Une matinée de novembre 2017, à la librairie Nemo: une rencontre proposée aux bibliothécaires et ​aux clients​ pour leur présenter Mathilde Chèvre, directrice des éditions Le port a jauni, éditeur d’albums et de poésie bilingues français-arabe. Un vrai moment de grâce que ​Geneviève Fransolet ​a souhaité ​prolonger par l’interview ​de cette éditrice passionnante. ​

GENEVIÈVE FRANSOLET:​ ​Tout d’abord, pouvez-vous nous expliquer d’où vient le choix du nom Le port a jauni?
MATHILDE CHÈVRE:​ ​Il faut s’asseoir au bord du Vieux Port à Marseille, juste après la pluie. La ville est lavée, la mer flotte sous les pieds, elle est Méditerranée, une eau qui relie les terres, une grande ronde, je pense à Alger, Alexandrie, Beyrouth et à ceux qui regardent la mer là-bas… Retour à Marseille, juste après la pluie, le soleil a surgi et le port a jauni…

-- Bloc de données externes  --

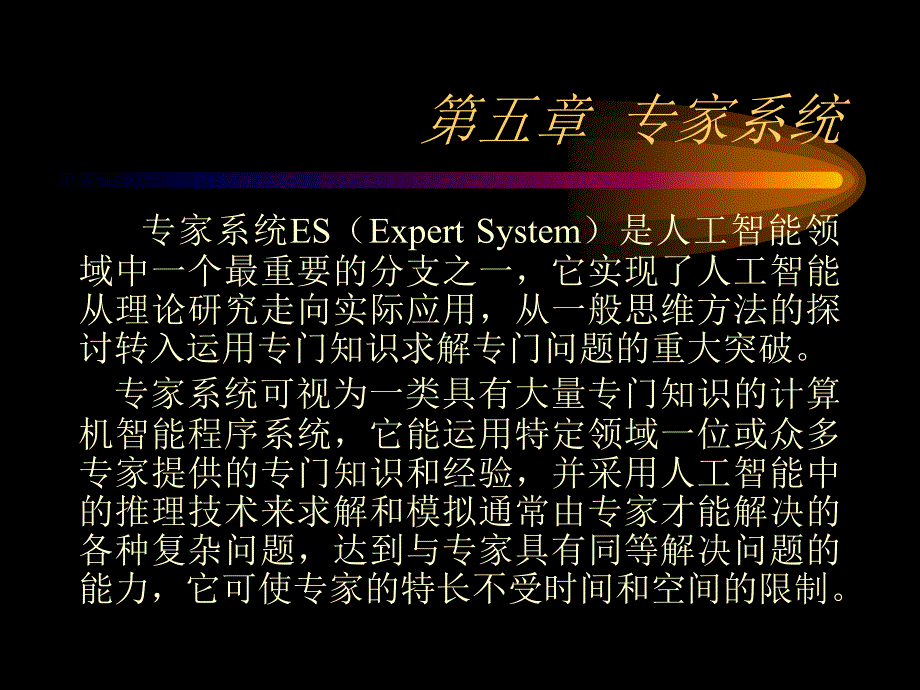 人工智能课件第5章_第1页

​GENEVIÈVE FRANSOLET:​ ​Vous voulez bien nous parler de votre parcours​?​
MATHILDE CHÈVRE:​ Mon parcours personnel​?… J’ai respiré mes premières goulées d’air à Bougara en Algérie où mes parents travaillaient dans l’agriculture, c’était l’époque de la réforme agraire. J’ai entendu chanter la langue arabe ces années-là, et puis j’ai oublié. Ensuite j’ai grandi dans une ancienne ferme de Cerdagne, dans les Pyrénées orientales, haut dans la montagne où j’ai beaucoup gambadé, écouté le chant du monde et rêvé d’ailleurs. Le temps était long, les espaces étaient vastes, mon corps était puissant. Le jour où je suis partie, j’étais prête à marcher à grands pas, j’ai fait de grandes enjambées et j’ai traversé la mer.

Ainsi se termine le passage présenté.